The European Union should be prepared for returning jihadists if the so-called Islamic State (IS) is driven out of its Iraqi stronghold, Mosul, an official warns.
Security Commissioner Julian King said even a small number of militants would pose “a serious threat that we must prepare ourselves for”.
Iraqi forces say they have captured 10 villages near Mosul since beginning their long-awaited offensive on Monday.
As many as 5,000 IS fighters are believed to remain in the city.
Government troops, moving in from the south, are currently some 40km (24 miles) from the city, while Kurdish fighters are some 30km to the east.
The International Committee of the Red Cross has appealed to all sides to show their humanity as aid agencies brace for what they say could be the largest man-made humanitarian crisis of recent times.
Julian King, a British diplomat recently made the EU’s security commissioner, told Die Welt newspaper (in German) the threat of IS fighters returning to Europe after the fall of Mosul was “very serious”.
There were currently about 2,500 fighters from EU countries in the combat zones, he said.
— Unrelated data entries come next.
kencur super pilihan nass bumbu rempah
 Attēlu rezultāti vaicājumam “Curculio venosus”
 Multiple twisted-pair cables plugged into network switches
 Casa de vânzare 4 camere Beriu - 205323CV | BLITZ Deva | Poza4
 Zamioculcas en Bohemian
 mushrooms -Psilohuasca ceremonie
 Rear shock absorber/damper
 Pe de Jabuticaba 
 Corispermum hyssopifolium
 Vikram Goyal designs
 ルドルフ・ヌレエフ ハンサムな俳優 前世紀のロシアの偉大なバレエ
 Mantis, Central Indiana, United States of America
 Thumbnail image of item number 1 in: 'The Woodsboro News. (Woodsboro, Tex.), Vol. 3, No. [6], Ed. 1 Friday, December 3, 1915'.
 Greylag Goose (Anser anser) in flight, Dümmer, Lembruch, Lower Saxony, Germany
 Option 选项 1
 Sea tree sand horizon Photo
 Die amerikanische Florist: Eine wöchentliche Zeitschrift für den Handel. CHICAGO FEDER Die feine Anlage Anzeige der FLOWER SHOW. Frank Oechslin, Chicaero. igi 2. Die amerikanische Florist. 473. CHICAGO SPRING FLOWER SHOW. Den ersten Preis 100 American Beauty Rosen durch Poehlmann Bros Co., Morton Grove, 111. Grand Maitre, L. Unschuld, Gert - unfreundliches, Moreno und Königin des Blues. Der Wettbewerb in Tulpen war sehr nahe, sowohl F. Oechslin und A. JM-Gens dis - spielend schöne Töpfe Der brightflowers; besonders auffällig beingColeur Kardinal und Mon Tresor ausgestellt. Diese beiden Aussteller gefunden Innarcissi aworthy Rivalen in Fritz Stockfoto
However, he stressed it was “very unlikely that there would be a mass exodus of IS fighters to Europe”.
Similar cases in the past had shown, he said, that “only a few fighters come back”. But he added: “I don’t want to talk the risk down. Even a small number constitutes a threat.”
Some of the militants involved in the deadly IS attack on Paris last November had recently returned from Syria.